Work order.
Images are to be omitted, and the rest of the records reproduced exactly.

··· Provided entries ···

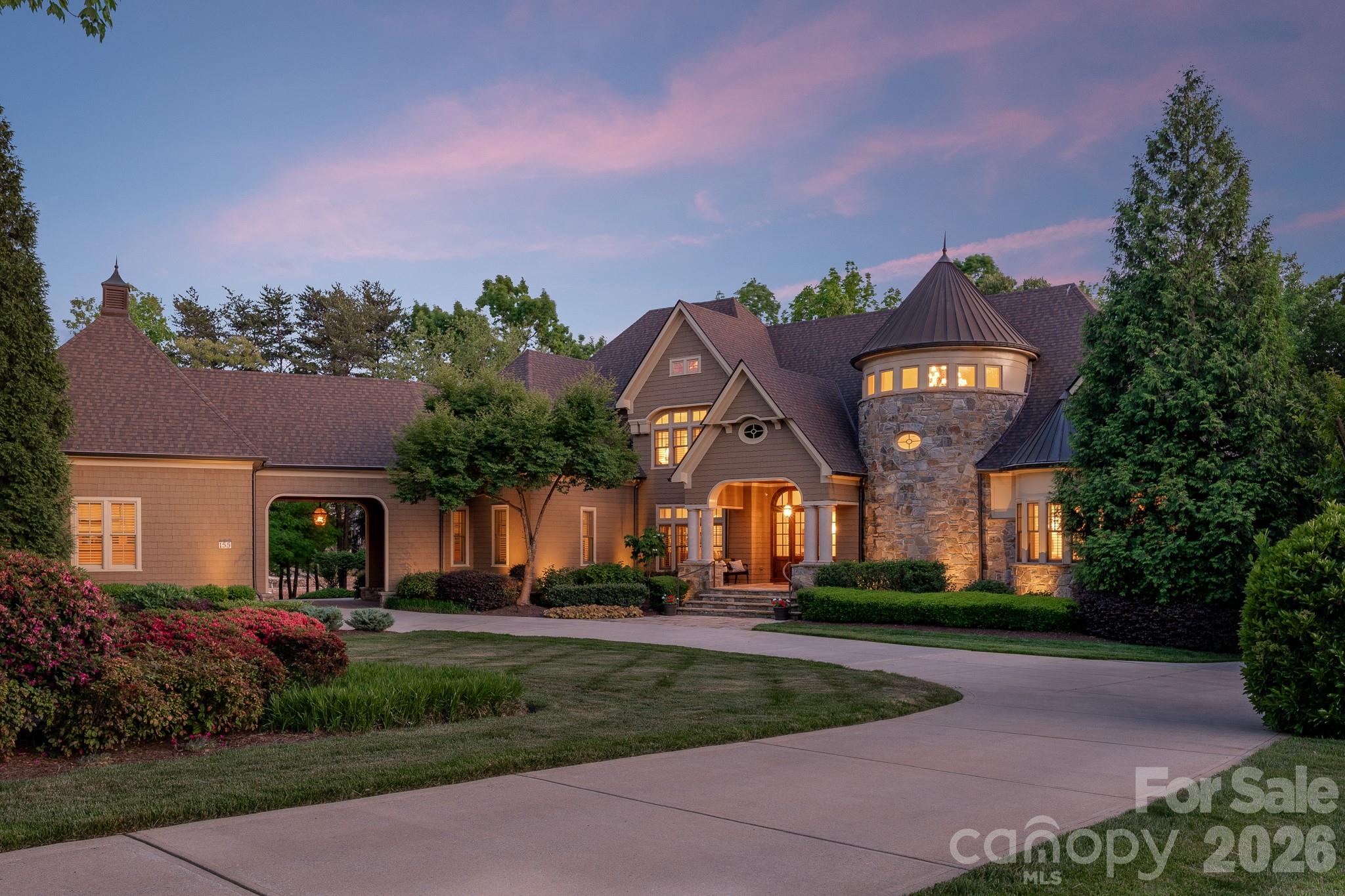 Welcome to 155 Union Chapel Drive, a timeless traditional estate offering a rare combination of scale, privacy and unmatched quality. Set along an extraordinary lot within The Point at Trump National Golf Club Charlotte, this custom waterfront estate offers 526 feet of shoreline. Thoughtfully designed by architects Christopher Phelps and Emily Bourgeois and built by Simonini Homes, the home is defined by its exceptional main-level living—offering approximately 5,000 square feet designed for both everyday comfort and effortless entertaining. A main-level walkout leads to a covered outdoor living area with pool, spa, and fireplace which is well suited for both entertaining and everyday living. The stately foyer impresses you immediately with the sweeping spiral staircase, marble flooring and detailed millwork. The lake views stay with you as with as you take in the character of the walnut flooring, custom cabinetry, detailed molding, and seven fireplaces. Designed with both function and style in mind, the kitchen is a standout feature, anchored by a 60-inch Wolf range with a custom copper hood, double islands and a separate scullery ideal for hosting and prep. The main level also includes a great room with cathedral ceilings, a charming sunroom with expansive views, two powder rooms and a private office. Lastly, the first floor owners retreat provides unmatched privacy and a true spa-like retreat. The upper level has three expansive bedroom suites, a bonus room with wet bar, a charming family room with fireplace and lake views and an additional office space. The lower level exudes quality with a mahogany custom bar and wine room and is made to be enjoyed. A 2.5-car attached garage is complemented by an additional two-car garage connected by a porte-cochère. Built to a Five-Star Energy Rating, the home includes Icynene spray foam insulation, Kolbe & Kolbe windows and doors, a newer roof with copper accents, extensive stonework, and recent interior and exterior painting. A rare offering defined by thoughtful design and a level of traditional craftsmanship that is increasingly hard to find.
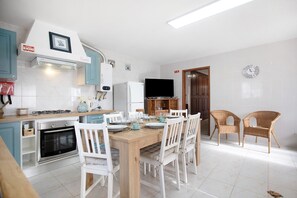 A kitchen with white cabinets, a wooden dining table, and white chairs.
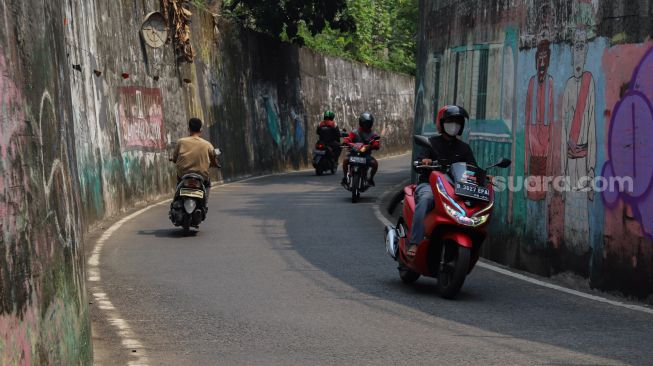 Dinding - dinding yang kusam dan kotor menghiasi sepanjang jalan Terowongan Dipo KRL di Pancoran Mas, Depok, Jawa Barat, Sabtu (26/9). [Suara.com/Alfian Winanto]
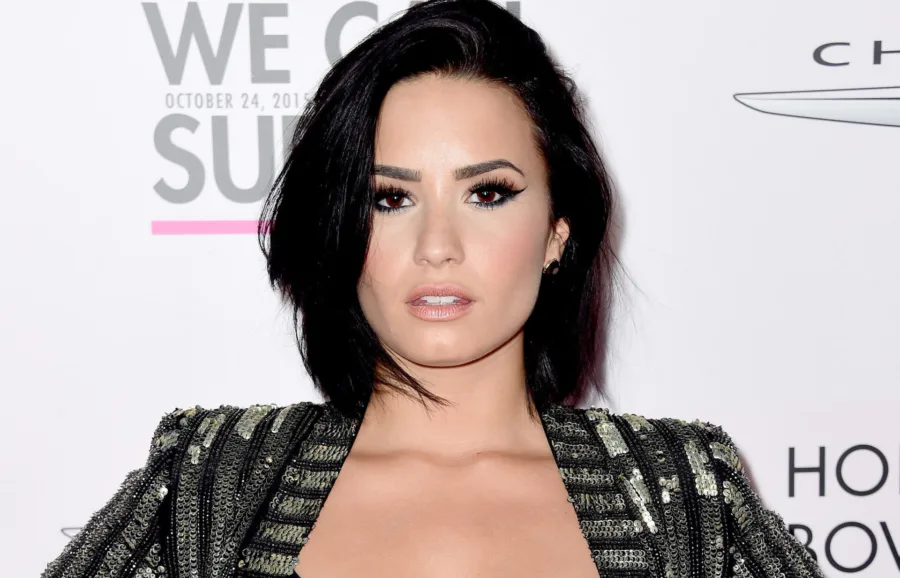 Η Demi Lovato σε επίσημη εμφάνιση με μαύρα μαλλιά και λαμπερό σακάκι.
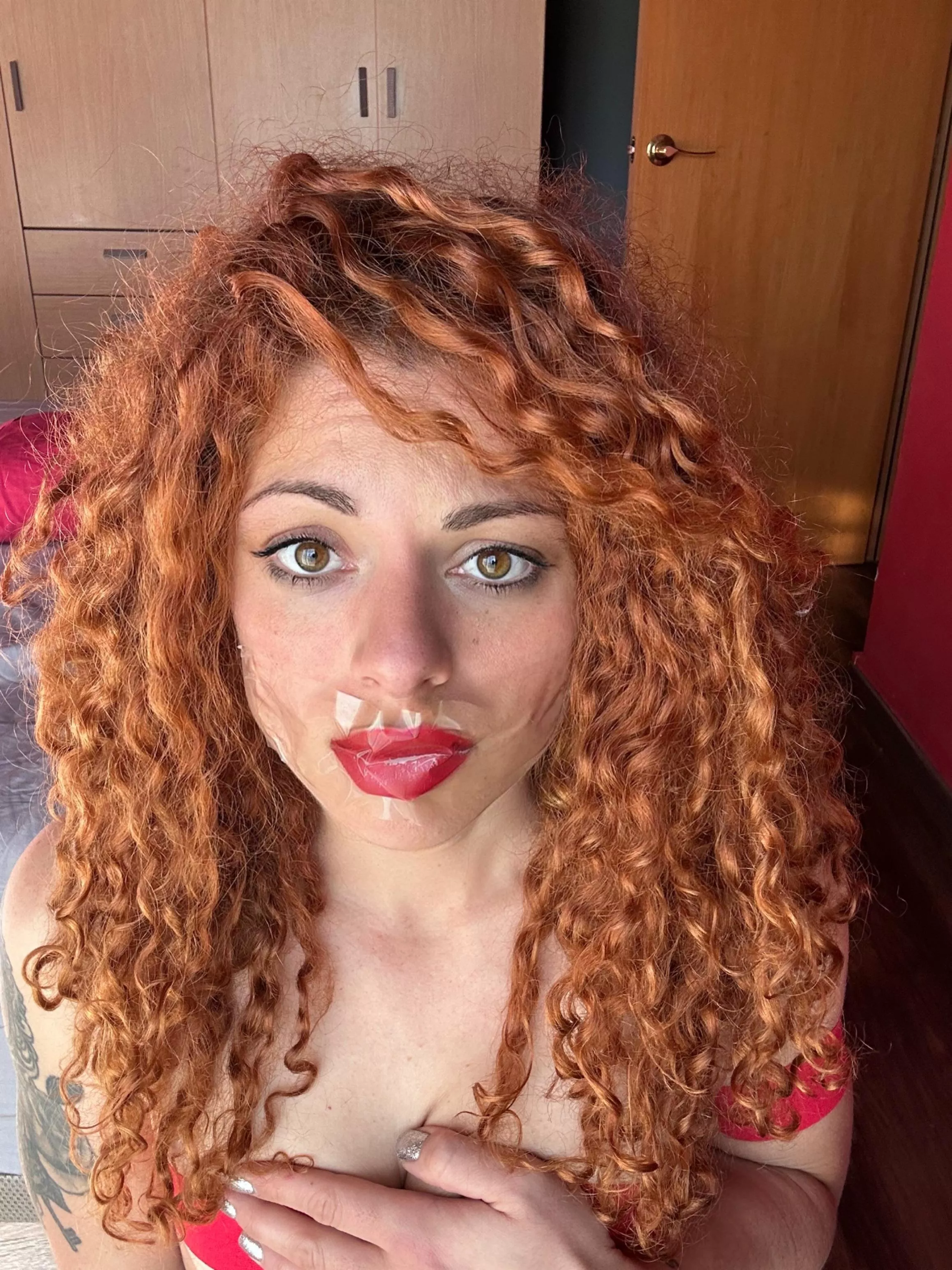 Clear tape on red lipstick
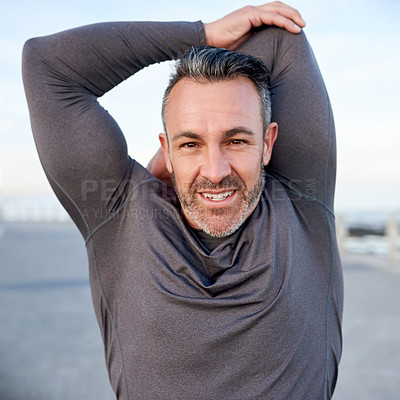 Buy stock photo Mature man, smile and stretching on promenade, arms and portrait for fitness, health and ocean in morning. Person, exercise and runner in summer by sea, wellness and happy for workout in Australia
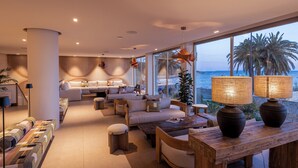A modern living room with a sofa set, wooden coffee table, and large windows overlooking the sea. - Hotel Simbad (Ibiza Town)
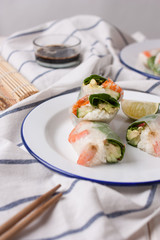 Spring roll with shrimp and sauce on a plate 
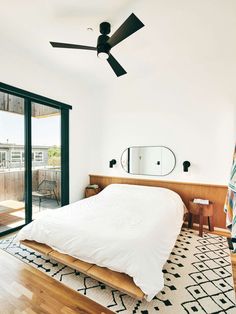 a bedroom with a bed, ceiling fan and sliding glass doors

···

Written response.
 Welcome to 155 Union Chapel Drive, a timeless traditional estate offering a rare combination of scale, privacy and unmatched quality. Set along an extraordinary lot within The Point at Trump National Golf Club Charlotte, this custom waterfront estate offers 526 feet of shoreline. Thoughtfully designed by architects Christopher Phelps and Emily Bourgeois and built by Simonini Homes, the home is defined by its exceptional main-level living—offering approximately 5,000 square feet designed for both everyday comfort and effortless entertaining. A main-level walkout leads to a covered outdoor living area with pool, spa, and fireplace which is well suited for both entertaining and everyday living. The stately foyer impresses you immediately with the sweeping spiral staircase, marble flooring and detailed millwork. The lake views stay with you as with as you take in the character of the walnut flooring, custom cabinetry, detailed molding, and seven fireplaces. Designed with both function and style in mind, the kitchen is a standout feature, anchored by a 60-inch Wolf range with a custom copper hood, double islands and a separate scullery ideal for hosting and prep. The main level also includes a great room with cathedral ceilings, a charming sunroom with expansive views, two powder rooms and a private office. Lastly, the first floor owners retreat provides unmatched privacy and a true spa-like retreat. The upper level has three expansive bedroom suites, a bonus room with wet bar, a charming family room with fireplace and lake views and an additional office space. The lower level exudes quality with a mahogany custom bar and wine room and is made to be enjoyed. A 2.5-car attached garage is complemented by an additional two-car garage connected by a porte-cochère. Built to a Five-Star Energy Rating, the home includes Icynene spray foam insulation, Kolbe & Kolbe windows and doors, a newer roof with copper accents, extensive stonework, and recent interior and exterior painting. A rare offering defined by thoughtful design and a level of traditional craftsmanship that is increasingly hard to find.
 A kitchen with white cabinets, a wooden dining table, and white chairs.
 Dinding - dinding yang kusam dan kotor menghiasi sepanjang jalan Terowongan Dipo KRL di Pancoran Mas, Depok, Jawa Barat, Sabtu (26/9). [Suara.com/Alfian Winanto]
 Η Demi Lovato σε επίσημη εμφάνιση με μαύρα μαλλιά και λαμπερό σακάκι.
 Clear tape on red lipstick
 Buy stock photo Mature man, smile and stretching on promenade, arms and portrait for fitness, health and ocean in morning. Person, exercise and runner in summer by sea, wellness and happy for workout in Australia
A modern living room with a sofa set, wooden coffee table, and large windows overlooking the sea. - Hotel Simbad (Ibiza Town)
 Spring roll with shrimp and sauce on a plate 
 a bedroom with a bed, ceiling fan and sliding glass doors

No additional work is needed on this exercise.